#### Data extract:
□ □ □ □ □
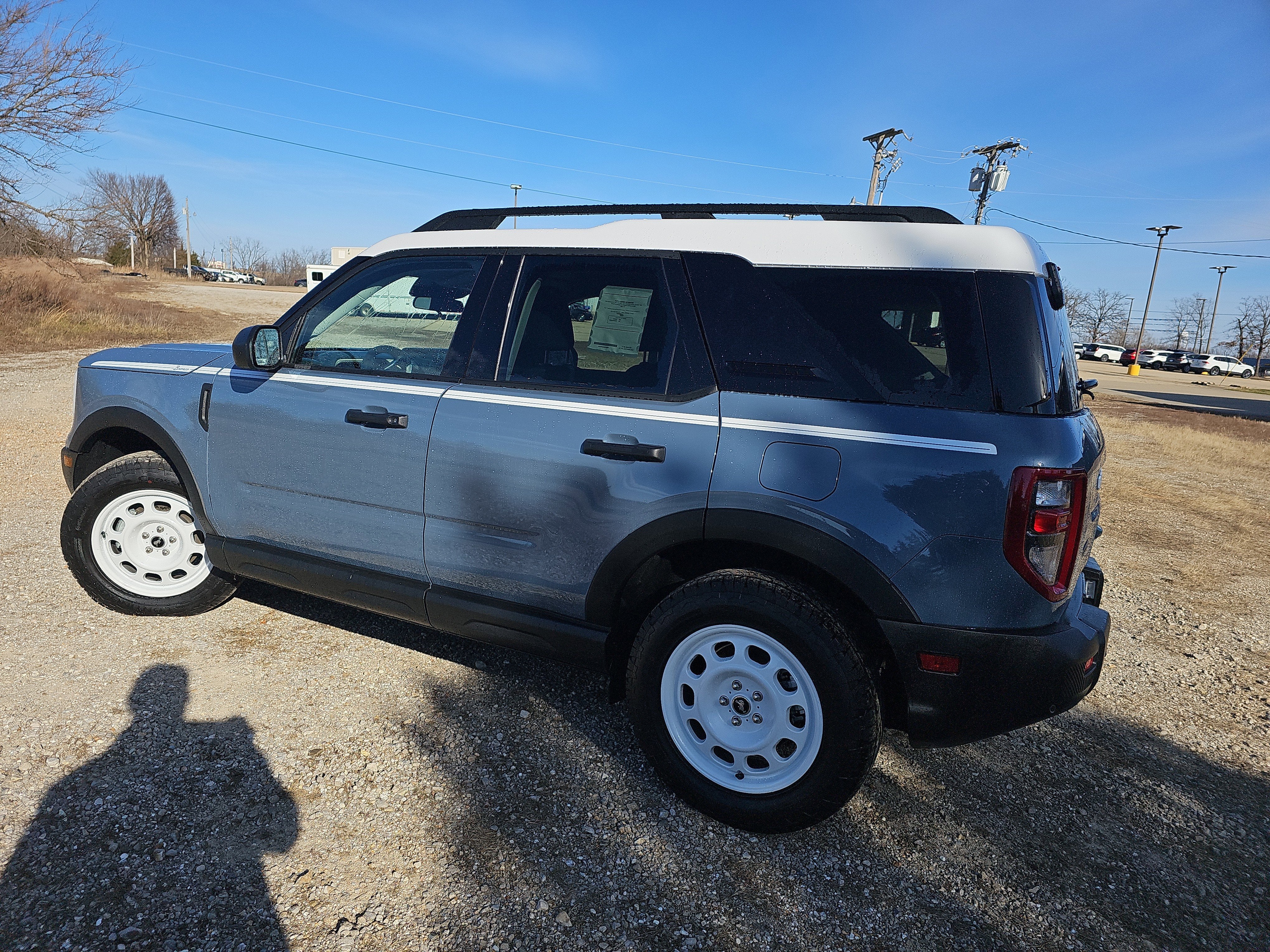2025 Ford Bronco Sport Heritage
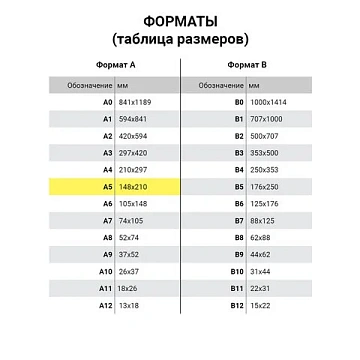 Бланк бухгалтерский, офсет, 2-х слойный самокопирующийся с подложкой, 'Накладная', А5 (151х208 мм),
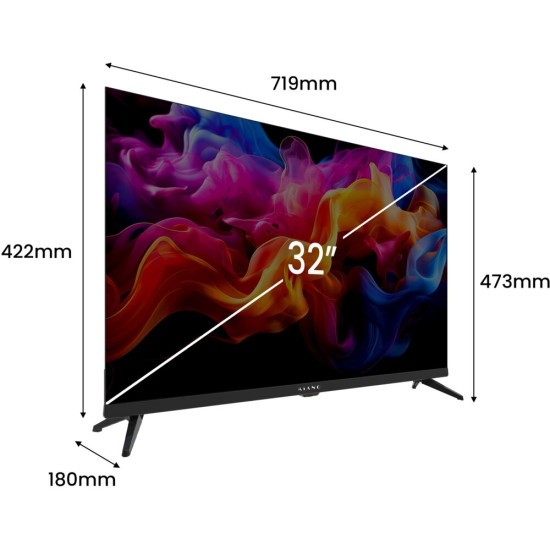 Telewizor KIANO Elegance 32" HD Ready Smart TV VIDAA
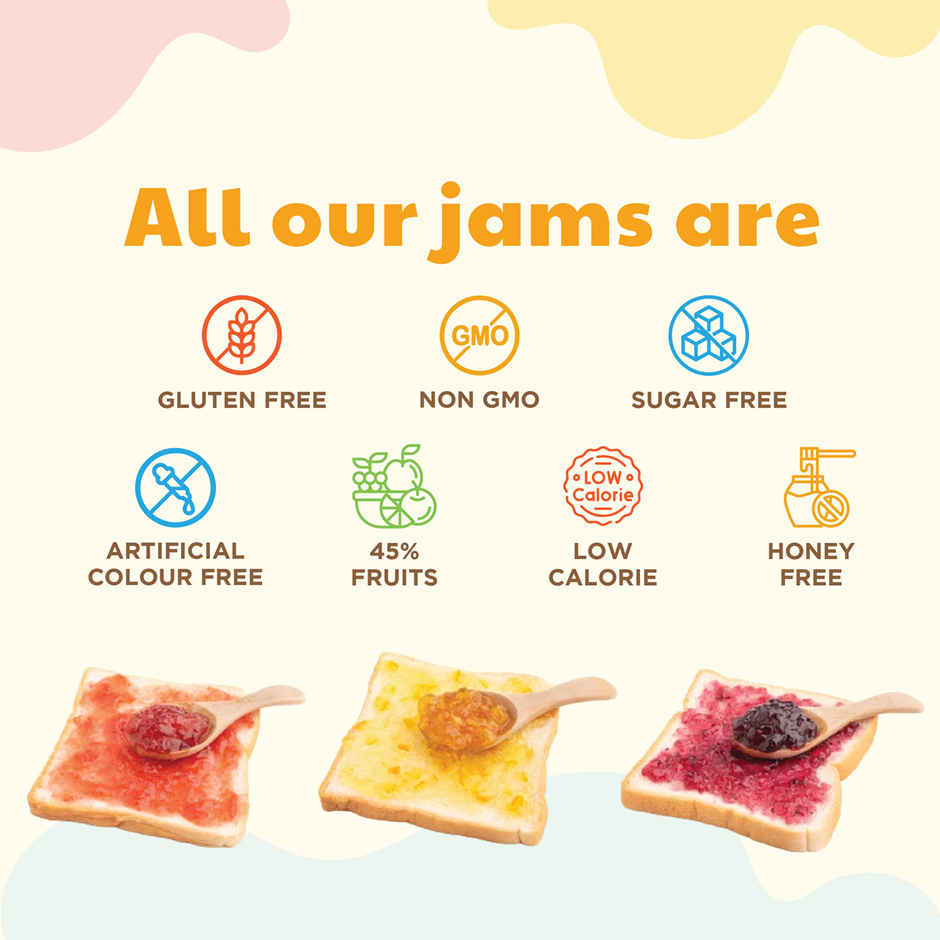 Sweetmate Sugar Free Strawberry Jam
□ □ □ □ □
#### Problem details:
The whole listing is to be written out exactly; the pictures stay out of the copy.

#### Answer to this task:
2025 Ford Bronco Sport Heritage
 Бланк бухгалтерский, офсет, 2-х слойный самокопирующийся с подложкой, 'Накладная', А5 (151х208 мм),
 Telewizor KIANO Elegance 32" HD Ready Smart TV VIDAA
 Sweetmate Sugar Free Strawberry Jam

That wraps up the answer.